Hackney’s public sector workers nearly £3,000 worse off thanks to pay caps
Public sector workers in Hackney are nearly £3,000 worse off this year thanks to government pay caps, according to data out today.
The Trades Union Congress (TUC) analysis finds Hackney’s 15,886 public sector workers earned on average £2,981 less in 2016/17 than if their pay had risen in line with inflation – a total loss of more than £47 million.
The full cost in disposable income to Hackney’s public sector workers since the pay caps began in 2010 was more than £296 million.
Mayor Philip Glanville, responding to the numbers, told the Citizen the “unfair” pay cap “takes money out of the pockets of hard working nurses, teachers and social workers”, adding: ‘If they lose out, we all lose out”.

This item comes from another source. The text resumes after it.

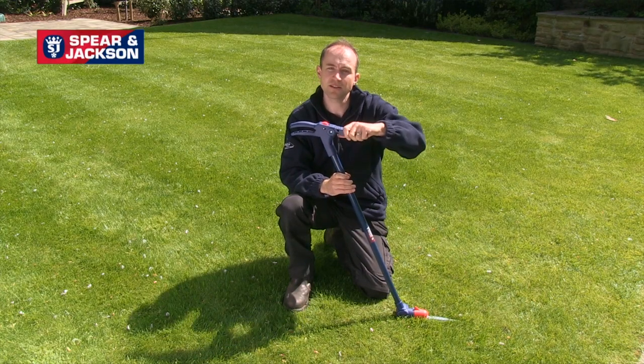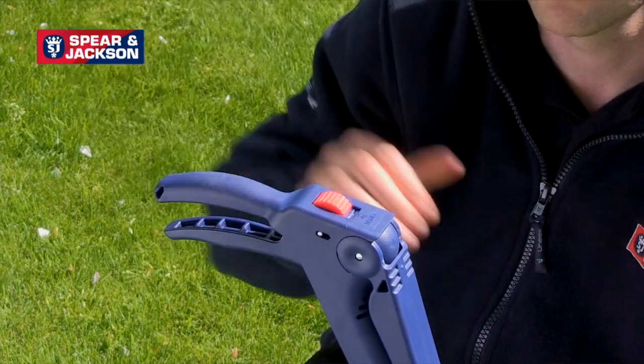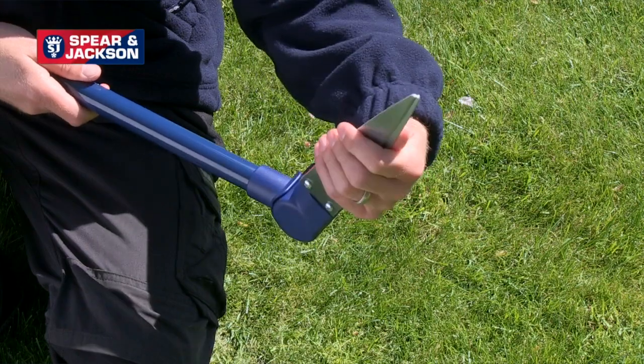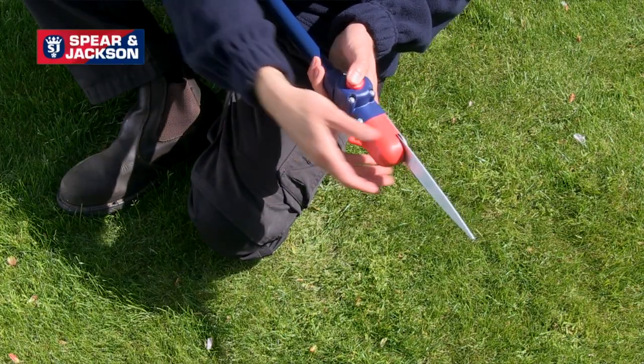The Spear and Jackson multi-shear are ideal for trimming long grass in awkward places and also for achieving very nice straight lines on lawns. The tool has an extendable hand grip and a safety locking catch. The blades rotate 180 degrees so you can operate them as both lawn shears and edging shears. The head also is adjustable.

The TUC finds Hackney North and Stoke Newington’s 3,766 public sector workers earned £11,226,045 less in real terms in 2016/17 than they would have without the public sector pay caps.
For Hackney South and Shoreditch’s 12,120 public sector workers the figure was £36,123,632. This means the borough’s 15,886 workers lost a total of £47,349,677.
The TUC also estimates a total loss of £70,195,575 in disposable income between 2010 and 2017 for public sector workers in Hackney North and Stoke Newington, and £225,878,235 for Hackney South and Shoreditch – a total of £296,073,810.
It comes amid what the TUC calls a £1.9 billion blow to London’s spending power thanks to the cap, which it said leaves one in seven (15 per cent) of public sector workers skipping meals to save money, and one in four (24 per cent) unable to pay a surprise bill of £500.
“The public sector pay squeeze has hit communities across London hard”, said Megan Dobney, TUC Regional Secretary for London. “And that means less money spent on our high streets and in local businesses.
“The pay cap is a false economy. The chancellor [Philip Hammond] must use the budget to give all public sector workers the pay rise they have earned, and end these artificial pay restrictions.”
Mayor Glanville, speaking to the Citizen, said: “We have been campaigning against the unfair public sector pay cap which takes money out of the pockets of hard working nurses, teachers and social workers, most recently by writing a letter to the chancellor.
“We have done what we can as a council by ensuring that we pay the London Living Wage as an absolute minimum, but every year the proportion of council staff who live in the borough goes down as people struggle to afford the spiralling costs of living in London.”
He added: “Public sector workers aren’t a burden on this country – they are a bedrock of our society and the economy. 16,000 Hackney residents work in the public sector, paying taxes and supporting businesses by buying goods and services. If they lose out, we all lose out.”